Ein modernes DAM-System basiert auf Metadaten in einer relationalen Datenbank. Einer oder vielen Dateien können beliebig viele Felder mit beliebigen Inhalten zugeordnet werden. Dies ermöglicht es, abseits von den Grenzen der hierarchischen Dateisysteme zu arbeiten. Bei vielen DAM-Systemen stoßen Sie in dieser Disziplin jedoch schnell an Grenzen, vor allem, wenn Sie nur den engen Rahmen der IPTC/XMP- Felder zur Verfügung haben. Eine der großen Stärken des Systems cavok besteht darin, dass sich jede noch so komplexe Metadatenstruktur darin abbilden lässt und Sie ausgefeilte Workflows zur manuellen oder automatischen Änderung von Metadaten einrichten können.

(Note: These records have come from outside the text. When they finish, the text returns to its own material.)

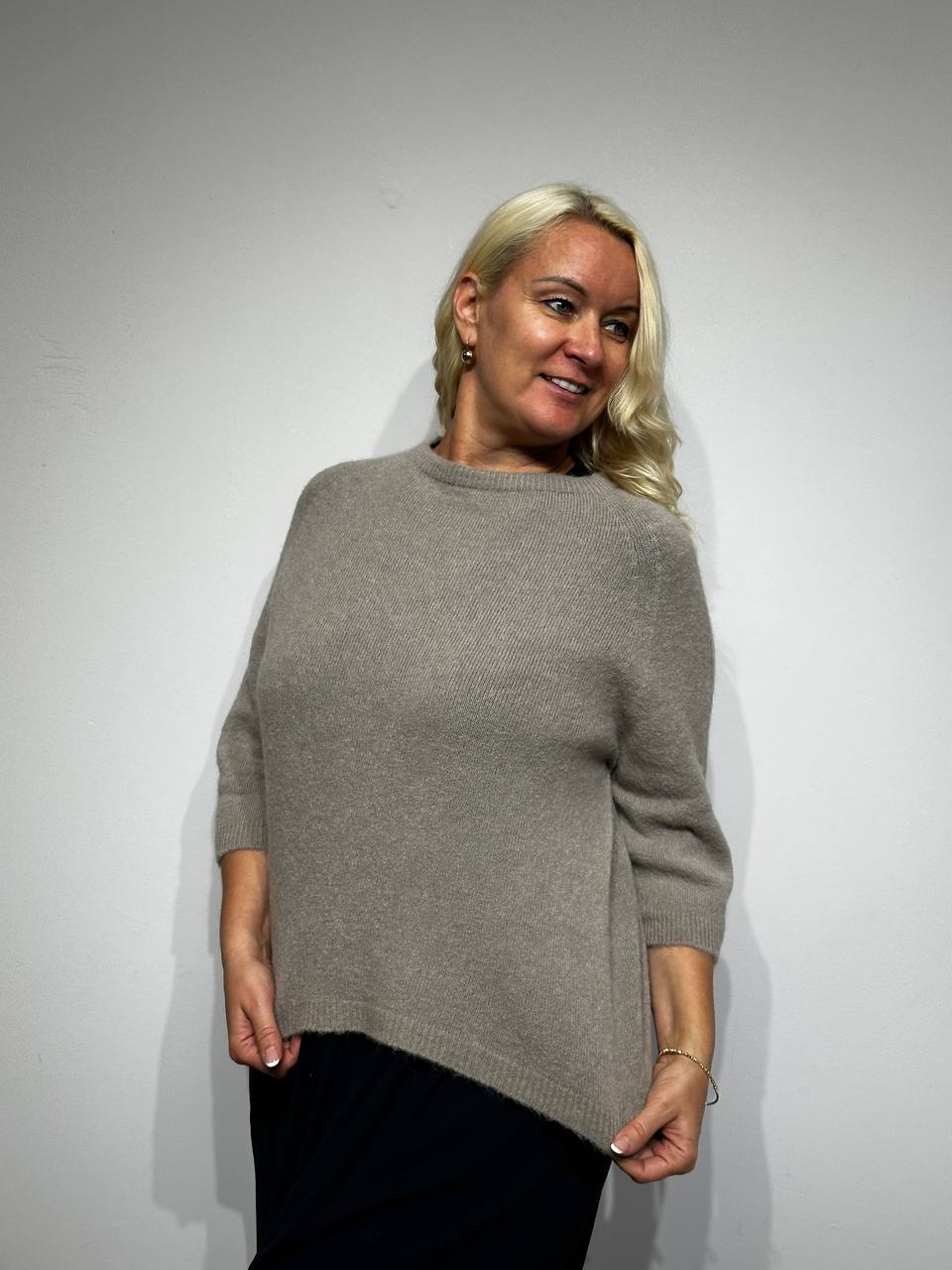 Sieviešu džemperis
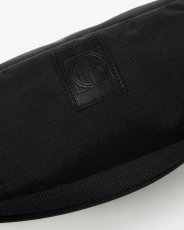 画像4: hobo  WAIST POUCH NYLON OXFORD with COW LEATHER (BLACK) (4)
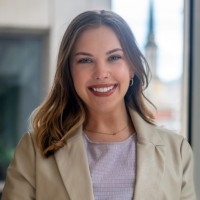 Claire Hilton Martínez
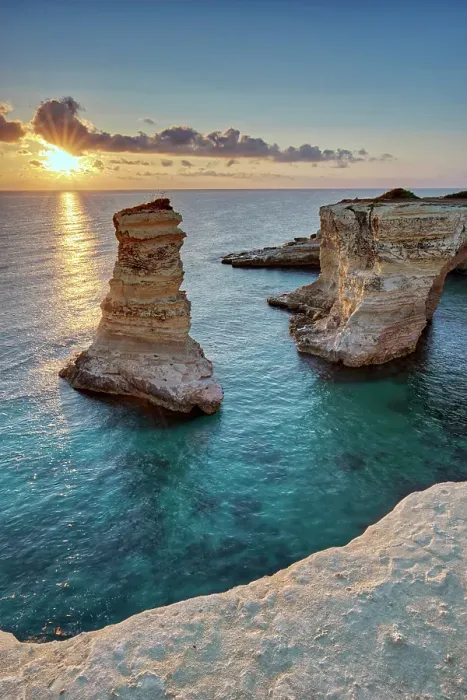 Framed Print : Italy, Puglia, Lecce district, Salentine Peninsula, Salento. The rocky coast between Sant'Andrea and Torre dell'Orso villages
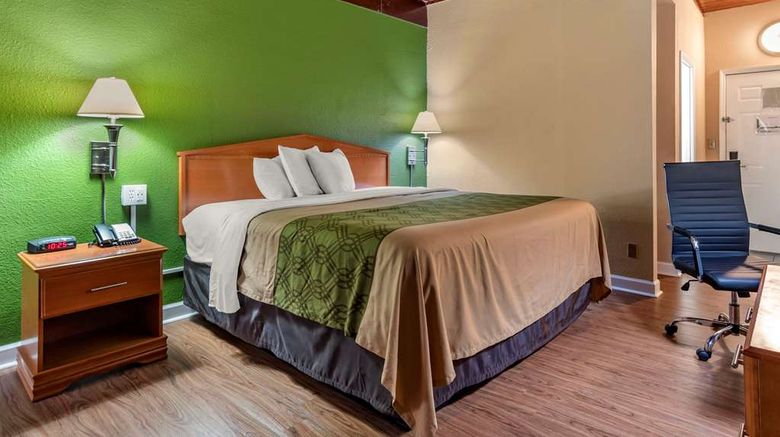 <b>Econo Lodge Tallahassee Downtown Room</b>. Images powered by <a href="https://iceportal.shijigroup.com/" title="IcePortal" target="_blank">IcePortal</a>.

Dabei überschreiten wir mit cavok häufig Systemgrenzen: automatisch Metadaten aus anderen Systemen zu erhalten oder an sie zu übergeben statt sie mühselig und kostenintensiv an mehreren Orten zu pflegen ist sehr empfehlenswert und mit überschaubarem Einrichtungsaufwand möglich.

Mögliche Szenarien:

  • Über die Artikelnummer als Bildnamen werden automatisch Name, Größe, Gewicht etc. aus einem ERP- oder PIM-System abgefragt.

  • Ein CMS oder Shopsystem fragt automatisch Bilder in einer passenden Größe für die Darstellung der Produkte aus cavok ab.

  • Beim Eintragen von Stichworten zu Assets wird automatisch ein Fach-Wörterbuch abgefragt, das die Übersetzungen der Begriffe in mehreren Sprachen liefert und einträgt.     

Es ist sehr leicht, Dateien und Ordner zu benennen, aber leider können nur rein hierarchische Zusammenhänge abgebildet werden. Wo im obenstehenden Diagramm würden Sie ein Bild von Albert Einstein ablegen? In ein Verzeichnis mit dem Namen seines Geburtsorts (Ulm, 1879)? Ist er nicht auch ein Kind anderer Städte, z.B. München (1880), Pavia (1895), Aarau (1896), Zürich (1896), Winterthur (1900), Bern (1902), Zürich (1909), Prag (1911), Zürich (1912), Berlin (1913) oder Princeton (1932)? Und ist sein Werk nicht für das ganze Universum gültig?

Und damit wäre über das Bild noch nicht sehr viel gesagt. Ein paar weitere Informationen kann man noch im Dateinamen unterbringen, aber leider gibt es für die Benennung von Ordnern und Dateien auf Betriebssystemebene keine richtigen Regeln. In unserem Beispiel könnten Sie statt "Europa" auch "Apfelkuchen" schreiben, und dem Betriebssystem wäre es egal.

Für alles weitere benötigt man die Suchfunktion oder, als Krücke, "Verknüpfungen" und "Aliase", also Pseudodateien in Verzeichnissen, die auf Dateien in anderen Verzeichnissen hinweisen.

Jede Datenbank kann das besser, aber weder Windows noch MacOS noch Linux "denken" wie eine moderne Datenbank, sondern immer noch so wie die Urgroßeltern des ersten MS-DOS PCs.

Um dieses Problem zu lösen, wurden DAM-Systeme entwickelt, und um die meisten Probleme zu lösen, ist cavok eine hervorragende Hilfe.